*** Opening of Entries provided ***

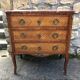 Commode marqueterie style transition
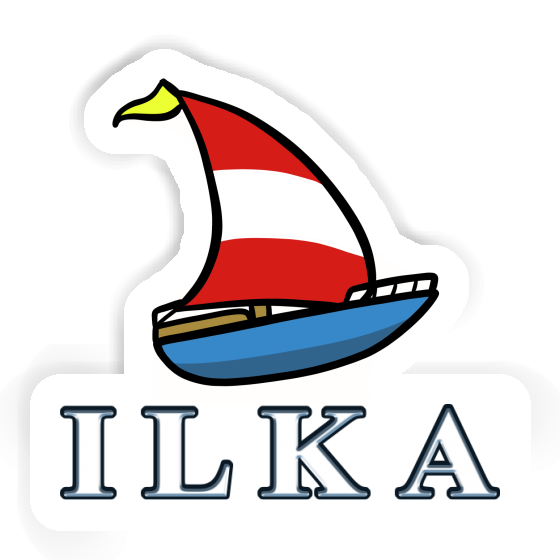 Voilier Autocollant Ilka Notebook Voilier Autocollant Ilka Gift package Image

*** Close of Entries provided ***
*** Opening of Entries provided ***

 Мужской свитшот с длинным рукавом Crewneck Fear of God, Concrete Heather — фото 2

*** Close of Entries provided ***

Going back to the data above, write out everything from the line with "Commode marqueterie style transition" down to the line with "Voilier Autocollant Ilka Notebook", both included, leaving every picture out.

 Commode marqueterie style transition
 Voilier Autocollant Ilka Notebook Voilier Autocollant Ilka Gift package Image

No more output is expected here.